[[ Data below open ]]
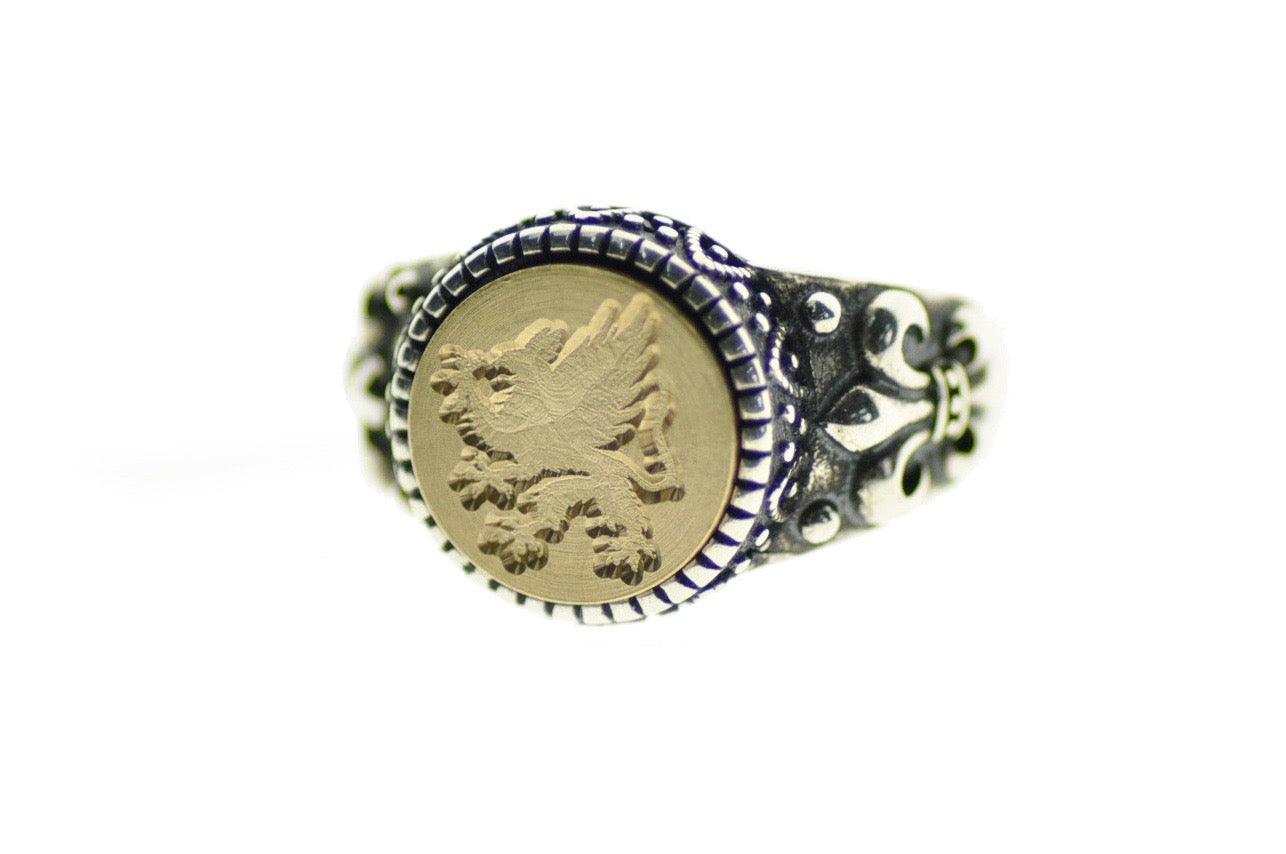 Griffin Signet Ring - Backtozero B20 - 12f, 12mm, 12mm ring, accessory, Fleur de Lis, Heraldic, him, jewelry, Mythical Creatures, ring, signet ring, size 10, size 11, size 8, size 9, wax seal, wax seal ring, wax seal stamp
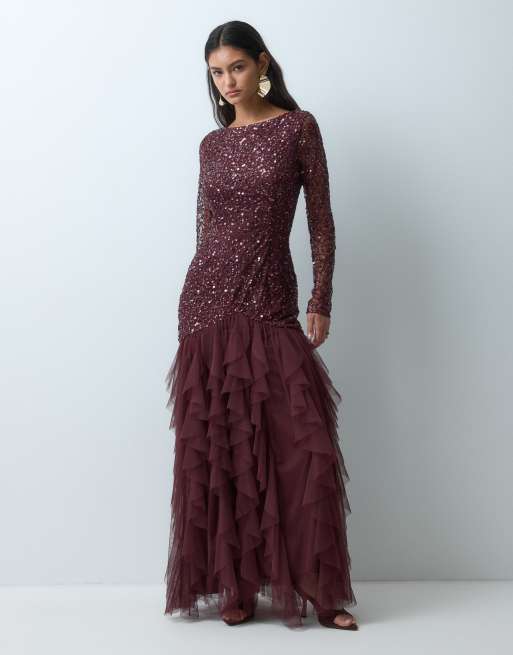 Lace & Beads abito maxi impreziosito con scollo rotondo, vita bassa e gonna con volant, bordeaux, 4 di 5
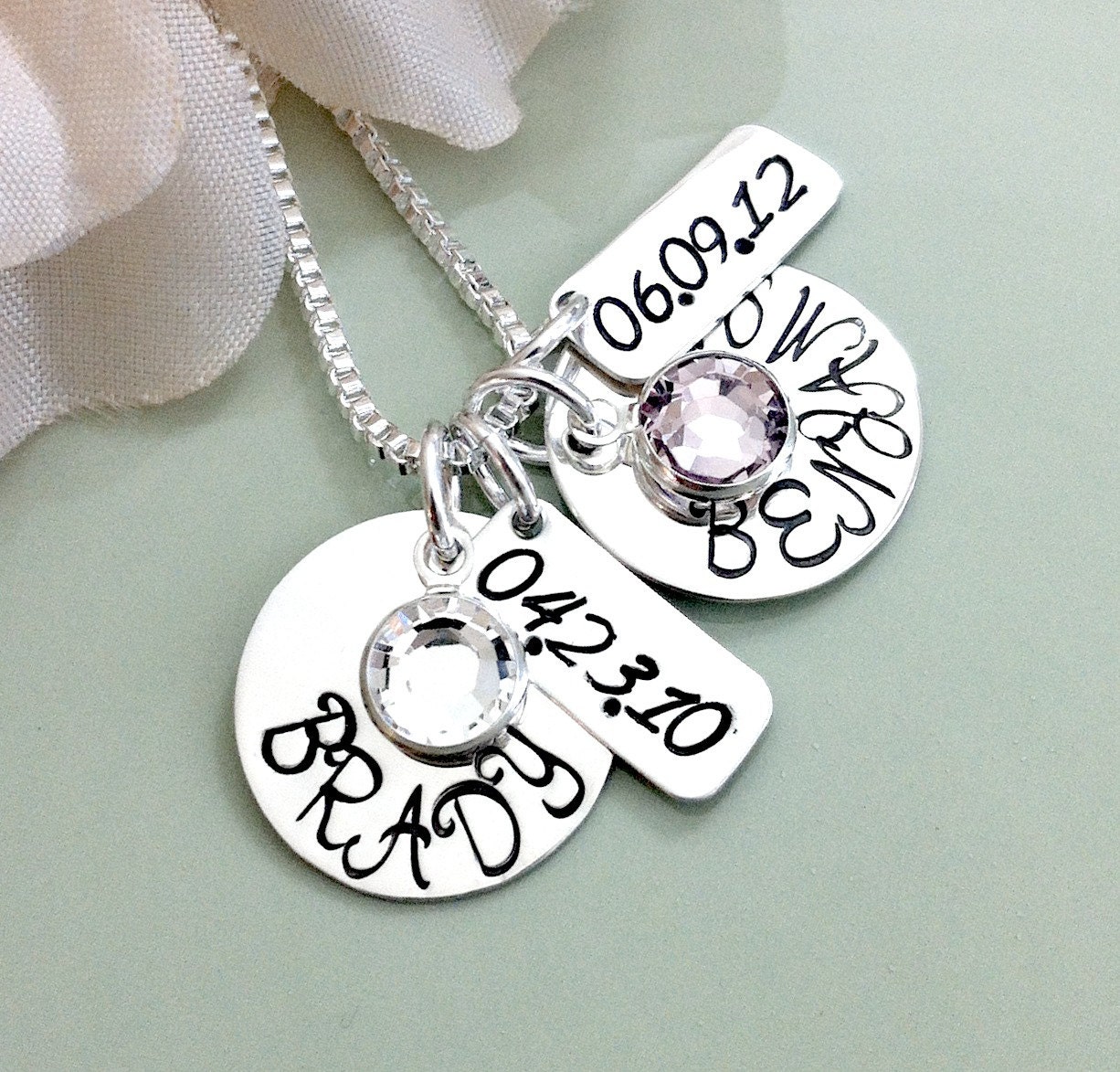 Hand Stamped Mommy Necklace - Personalized Jewelry - Two Discs with Names, Birthdates & Birthstone Pendants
[[ Data below closed ]]
# Work required
Where the data includes pictures, leave them out and write out everything else exactly.

# Reply
 Griffin Signet Ring - Backtozero B20 - 12f, 12mm, 12mm ring, accessory, Fleur de Lis, Heraldic, him, jewelry, Mythical Creatures, ring, signet ring, size 10, size 11, size 8, size 9, wax seal, wax seal ring, wax seal stamp
 Lace & Beads abito maxi impreziosito con scollo rotondo, vita bassa e gonna con volant, bordeaux, 4 di 5
 Hand Stamped Mommy Necklace - Personalized Jewelry - Two Discs with Names, Birthdates & Birthstone Pendants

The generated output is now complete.